The main tenet of this plan is that hiring more people will solve the problem. Besides a new head coach there will be new positions for Academy Coach (centralized program), High Performance Director XVs, Technical coaches (Forwards, Backs, Defence), Sport Psychologist (consultant). It's presumed that World Rugby will be picking up the tab for most of this. This covers Recommendations #2,3,4,6,7,8
Recommendation #1 is a declaration that men's XVs is of primary importance. Recommendation #5 is that they will go after the 7s program for players as needed.
This is the standard response by Rugby Canada and why they've grown from a small office in Ottawa with a staff of 7 in 1999 to a staff of 49 (and climbing) in two locations in 2017. That's a 600% increase in hirings over 18 years. Needless to say this hasn't correlated to on the field rugby performance. Canada were ranked 13th in 2003 when the iRB started keeping track. Now Canada are ranked 23rd in men's XVs.
The basic lesson is that one ineffective person in a key position can act as a bottleneck to performance, poor decisions equals poor results, it's not about number of people, it's about quality of people. Keith Wilkinson was Director of Rugby in 1999, he may have been the last Canadian to hold that spot. Back in 2003 we had a centralized development program called the Pacific Pride, we had a national league called the RCSL. We were doing OK. Martin Gallagher came over as an iRB appointment for Director of Rugby, the Pacific Pride program was cancelled. After him came Geraint John, Mike Chu, Jim Dixon. The rugby didn't improve, it got worse. Now in 2017 we're getting around to rediscovering a centralized development program, RCCP, it still doesn't have any direction but they're going to hire a head coach. Not only that but they're hiring someone to be his boss who will work under the current Director of Rugby (or GM of Rugby Operations) Jim Dixon. It's a sweet deal if you're the Director of Rugby, more people reporting to you and none of the past results stick since the coach was sacked. You have to wonder about the Rugby Canada Board of Directors sometimes.

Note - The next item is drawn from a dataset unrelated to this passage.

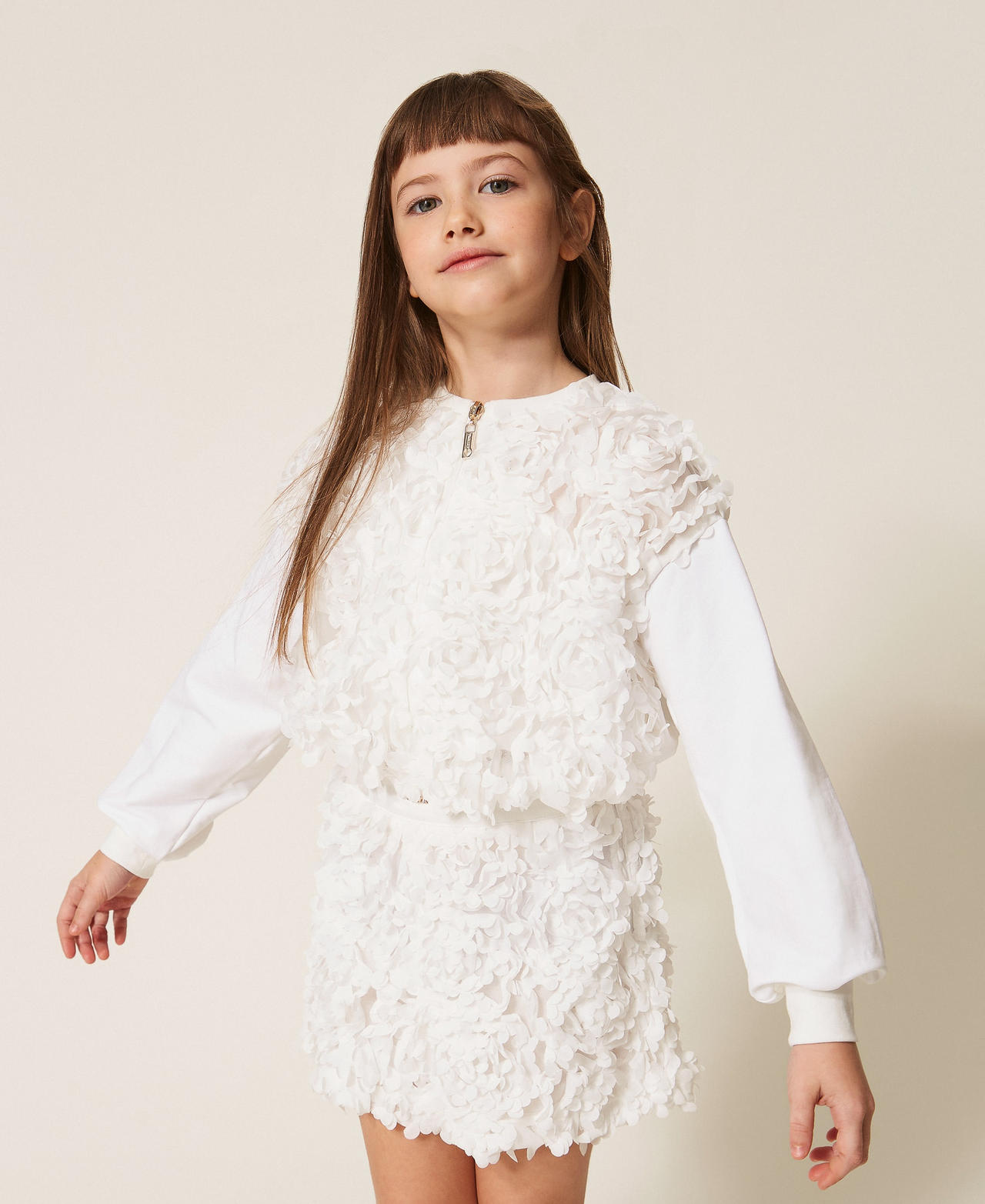 Twinset Girls Off White Sweatshirt With Roses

It's amazing that John Tait, women's 7s coach, gets along fine with $2 million in Government funding but the Board felt compelled to make the statement, "the success of the [men's XVs] program provides funding for all of Rugby Canada’s National Teams, High Performance and Development programs". World Rugby seems to be pouring the koolaid and the Board have their glasses full. It's even more amazing that Francois Ratier has got the women's program to Ireland ranked #3 with virtually none of these benefits, actually only the efforts of the Canadian Rugby Foundation and the Monty Heald fund got them off the pay to play model. Also Damian McGrath has got Canada back to respectability in men's 7s although losing $750K of OTP funding thanks to Rugby Canada's past hiring mistakes.

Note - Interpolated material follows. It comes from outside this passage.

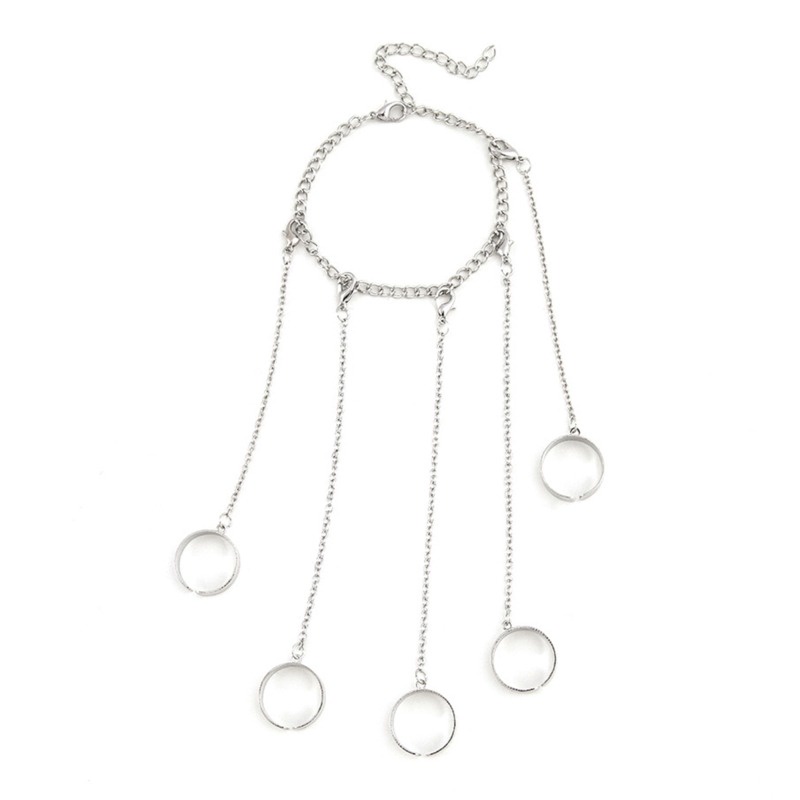 [AYBx] Baju Kaos Distro Pria Wanita Lengan Pendek Gelang Tangan Rantai Geometris Warna Silver Untuk Pria Cincin Charm Set Couple Fashion Jewelry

Which brings us to point #5, that Rugby Canada are prepared to pillage the 7s program if necessary to beat Uruguay. I wonder how OTP feel about this as they consider reinstating the $750K to the men's program, or how Sports Canada feel about the salaries they pay the carded players in order for them to bring Olympic glory in 7s?
It very much sounds like World Rugby steering the ship and saying we will give you money but we want this. The mental image of a Rugby Canada Board in Homer Simpson fashion drooling and murmuring "mmm, money" comes to mind. It's not pretty.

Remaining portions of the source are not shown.